Task prompt → The goal is a clean copy of all the data below, with pictures dropped and everything else retyped exactly.

Dataset excerpts →
________________________________________
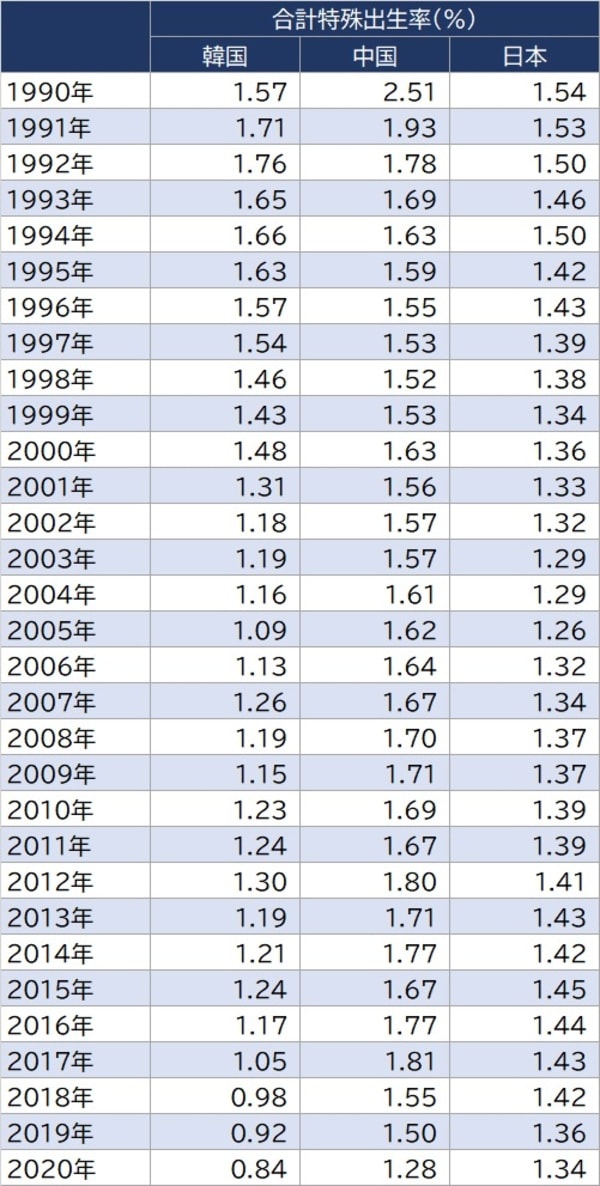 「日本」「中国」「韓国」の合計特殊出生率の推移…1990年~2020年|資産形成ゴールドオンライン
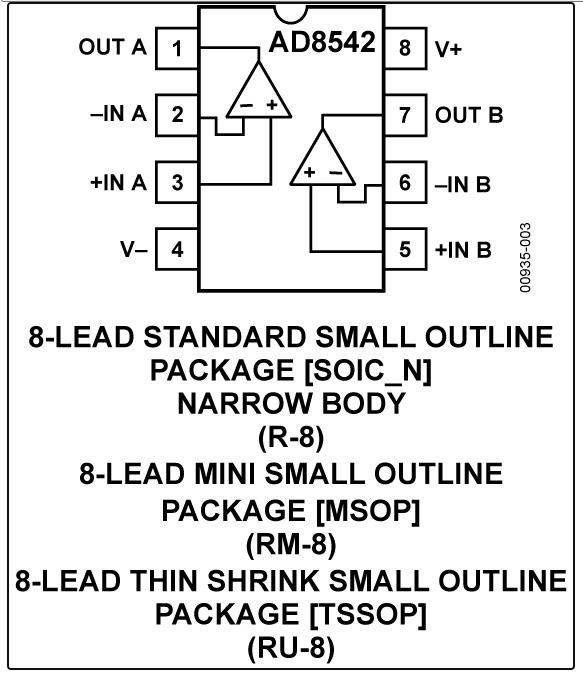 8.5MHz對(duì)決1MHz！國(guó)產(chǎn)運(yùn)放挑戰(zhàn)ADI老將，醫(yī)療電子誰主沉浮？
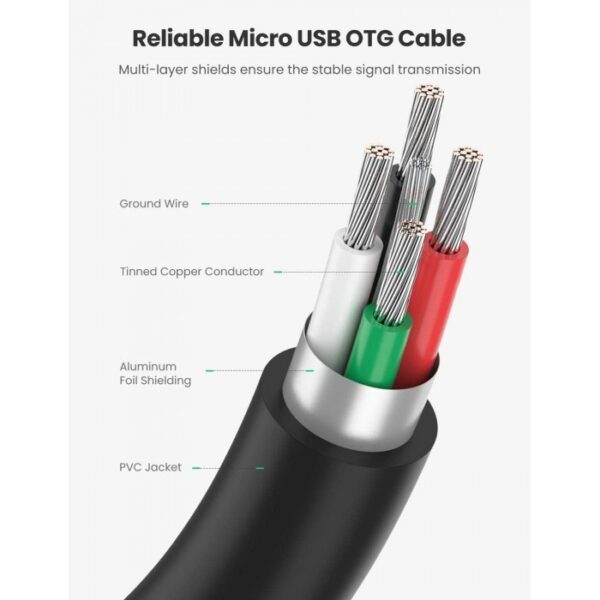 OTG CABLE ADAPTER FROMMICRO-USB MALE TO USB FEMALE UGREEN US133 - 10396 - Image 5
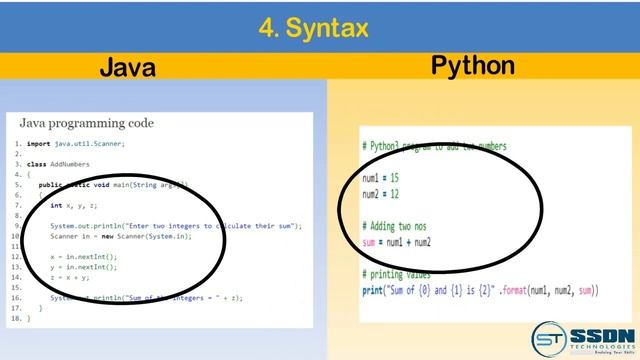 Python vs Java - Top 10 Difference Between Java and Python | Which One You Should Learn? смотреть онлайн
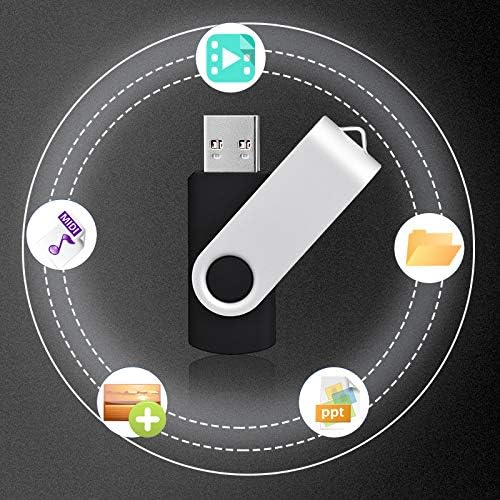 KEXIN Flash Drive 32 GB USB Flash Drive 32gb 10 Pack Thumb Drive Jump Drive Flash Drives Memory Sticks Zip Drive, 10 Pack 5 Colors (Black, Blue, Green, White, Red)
________________________________________
Written answer →
 「日本」「中国」「韓国」の合計特殊出生率の推移…1990年~2020年|資産形成ゴールドオンライン
 8.5MHz對(duì)決1MHz！國(guó)產(chǎn)運(yùn)放挑戰(zhàn)ADI老將，醫(yī)療電子誰主沉浮？
 OTG CABLE ADAPTER FROMMICRO-USB MALE TO USB FEMALE UGREEN US133 - 10396 - Image 5
 Python vs Java - Top 10 Difference Between Java and Python | Which One You Should Learn? смотреть онлайн
 KEXIN Flash Drive 32 GB USB Flash Drive 32gb 10 Pack Thumb Drive Jump Drive Flash Drives Memory Sticks Zip Drive, 10 Pack 5 Colors (Black, Blue, Green, White, Red)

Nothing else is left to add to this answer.